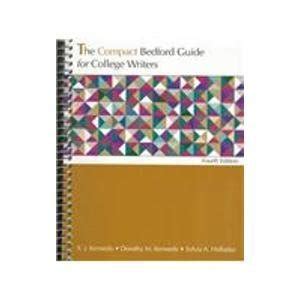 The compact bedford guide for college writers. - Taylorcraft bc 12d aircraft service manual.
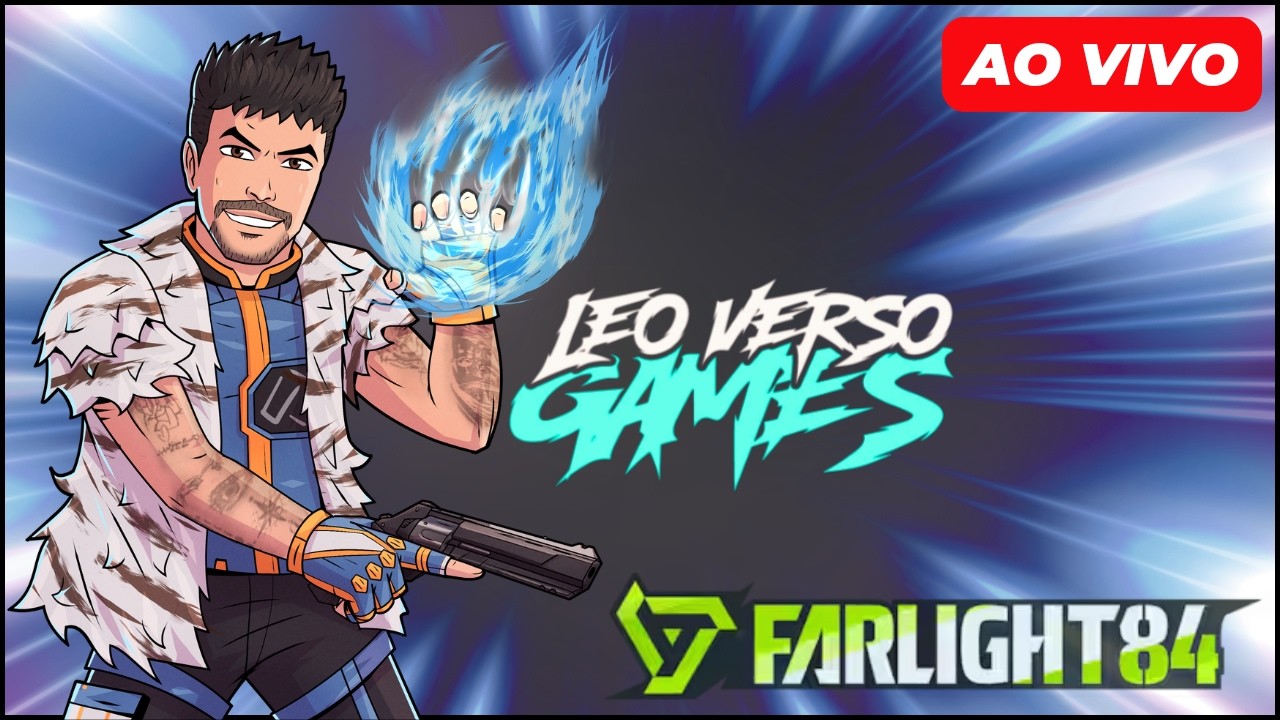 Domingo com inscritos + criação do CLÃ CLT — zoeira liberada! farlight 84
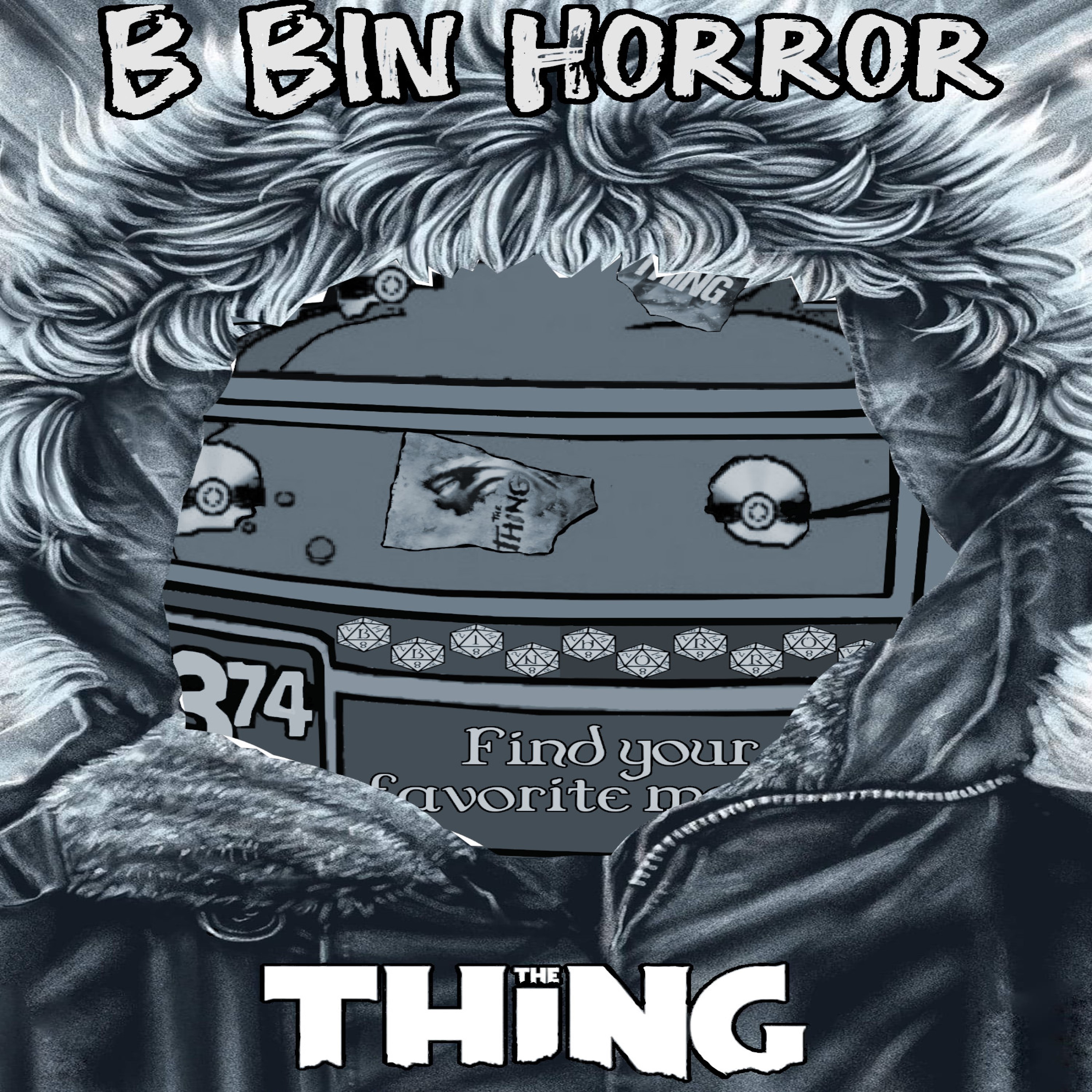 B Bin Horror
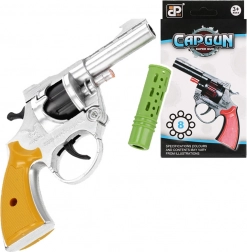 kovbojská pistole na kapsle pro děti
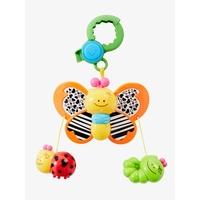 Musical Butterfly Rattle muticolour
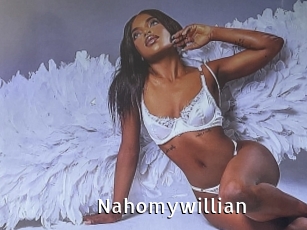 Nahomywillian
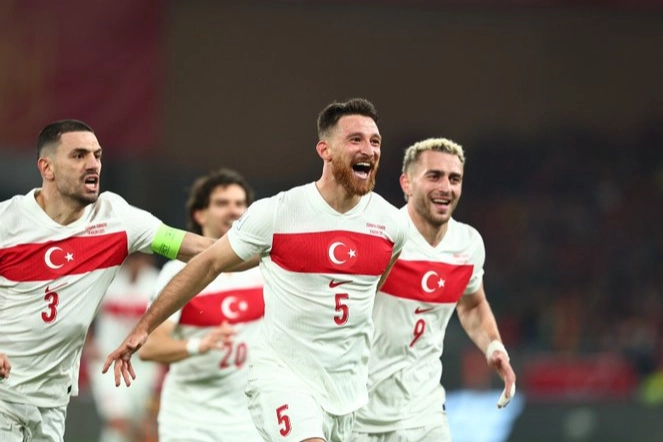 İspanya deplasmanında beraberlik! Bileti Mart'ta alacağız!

#### What to work on:
Reproduce word for word the lines from the line holding "kovbojská pistole na kapsle pro děti" through the last line of the material above, inclusive, and keep pictures out of it.

#### Result below:
 kovbojská pistole na kapsle pro děti
 Musical Butterfly Rattle muticolour
 Nahomywillian
 İspanya deplasmanında beraberlik! Bileti Mart'ta alacağız!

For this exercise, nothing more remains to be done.